“Ain’t No Stoppin’ Us Now” by McFadden & Whitehead (1979)

“Ain’t No Stoppin’ Us Now” was the perfect song to end a decade in which the thought of upward mobility gave promise to an entire generation of Blacks. Topping the R&B charts as spring gave way to summer 1979, that and Chic’s “Good Times” pointed the way towards a glittering new decade (although folks listening to the lyrics of “Good Times” might have been able to realize that ill winds were a-comin’).

This essential jam came to us via Philadelphia International staffers Gene McFadden and John Whitehead, who wrote classics like “Back Stabbers” and “I’ll Always Love My Mama”, for The O’Jays and The Intruders, respectively, “Stoppin’” brought the duo into prominence as artists in addition to as writers/producers.

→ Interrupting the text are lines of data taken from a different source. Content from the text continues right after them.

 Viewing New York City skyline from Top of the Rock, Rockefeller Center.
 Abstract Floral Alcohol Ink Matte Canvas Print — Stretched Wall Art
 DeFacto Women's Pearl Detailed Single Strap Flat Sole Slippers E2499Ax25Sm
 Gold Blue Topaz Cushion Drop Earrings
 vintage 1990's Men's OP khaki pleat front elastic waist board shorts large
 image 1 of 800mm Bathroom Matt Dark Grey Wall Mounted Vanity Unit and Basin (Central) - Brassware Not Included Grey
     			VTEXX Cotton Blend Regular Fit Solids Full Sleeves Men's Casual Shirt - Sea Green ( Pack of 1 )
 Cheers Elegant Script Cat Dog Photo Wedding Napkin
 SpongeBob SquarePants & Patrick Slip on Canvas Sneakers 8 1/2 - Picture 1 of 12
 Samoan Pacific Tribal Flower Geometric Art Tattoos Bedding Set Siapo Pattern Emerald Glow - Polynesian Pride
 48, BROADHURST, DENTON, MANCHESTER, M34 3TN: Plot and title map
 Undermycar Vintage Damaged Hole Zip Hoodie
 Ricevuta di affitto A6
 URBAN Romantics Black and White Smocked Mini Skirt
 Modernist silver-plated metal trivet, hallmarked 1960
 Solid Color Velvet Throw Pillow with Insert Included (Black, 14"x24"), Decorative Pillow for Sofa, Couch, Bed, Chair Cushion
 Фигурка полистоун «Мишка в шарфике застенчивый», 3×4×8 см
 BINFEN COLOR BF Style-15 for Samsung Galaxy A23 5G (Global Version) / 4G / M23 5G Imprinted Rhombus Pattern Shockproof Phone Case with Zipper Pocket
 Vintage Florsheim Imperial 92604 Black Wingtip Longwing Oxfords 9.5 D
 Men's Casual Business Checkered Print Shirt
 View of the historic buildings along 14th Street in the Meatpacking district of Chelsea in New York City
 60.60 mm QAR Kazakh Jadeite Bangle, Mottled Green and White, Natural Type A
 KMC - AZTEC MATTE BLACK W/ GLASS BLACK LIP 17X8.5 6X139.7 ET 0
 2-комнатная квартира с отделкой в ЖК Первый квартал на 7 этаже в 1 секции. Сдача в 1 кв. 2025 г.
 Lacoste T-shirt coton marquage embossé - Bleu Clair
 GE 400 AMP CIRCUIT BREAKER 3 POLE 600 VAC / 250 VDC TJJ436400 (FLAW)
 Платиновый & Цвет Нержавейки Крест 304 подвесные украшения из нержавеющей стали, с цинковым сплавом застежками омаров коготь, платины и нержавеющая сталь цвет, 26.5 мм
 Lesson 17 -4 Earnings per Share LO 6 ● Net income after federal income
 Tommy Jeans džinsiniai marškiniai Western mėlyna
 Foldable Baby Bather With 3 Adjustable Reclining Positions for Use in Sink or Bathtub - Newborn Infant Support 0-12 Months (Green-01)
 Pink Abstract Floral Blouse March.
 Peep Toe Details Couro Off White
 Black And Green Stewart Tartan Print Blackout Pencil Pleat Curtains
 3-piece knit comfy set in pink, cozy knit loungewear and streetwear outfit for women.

Philly soul is often considered the precursor or the jumping off point for what eventually became disco, and “Ain’t No Stoppin’ Us Now” is the perfect synthesis of the two kissin’ cousins.  The smoothness associated with Philly soul is represented in the song’s positive message, not to mention those luxurious strings. Although “Stoppin’” was half a step slower than most popular disco hits, it still was perfectly capable of getting asses to move. Hell, throw that song on 38 years later and try not to cut a rug.  a foot in each of the closely related sub genres.

Despite the duo’s impressive behind-the-scene pedigree, “Ain’t No Stoppin’ Us Now” wound up being their only hit. It was also Philadelphia International’s last song to be certified Gold or make the top 20 pop, although the label would have R&B smashes through the end of the ‘80s with Teddy Pendergrass, Patti LaBelle and Phyllis Hyman. The song signified not only the end of a decade, but unintentionally signaled the end of an era. It’s legacy has lived and continues to live on, though.The unstoppable bassline has provided sample fodder for artists ranging from Big Daddy Kane to Biz Markie, while the original song remains a rallying cry for sports teams to this day. Wikipedia mentions that the Iverson-era  Sixers used “Stoppin’” as a rallying cry, although my favorite sports-related memory of this hit comes from hearing it used as the Detroit Tigers slugged their way to a World Series Championship in 1984. When it comes to soulful cities, game recognizes game.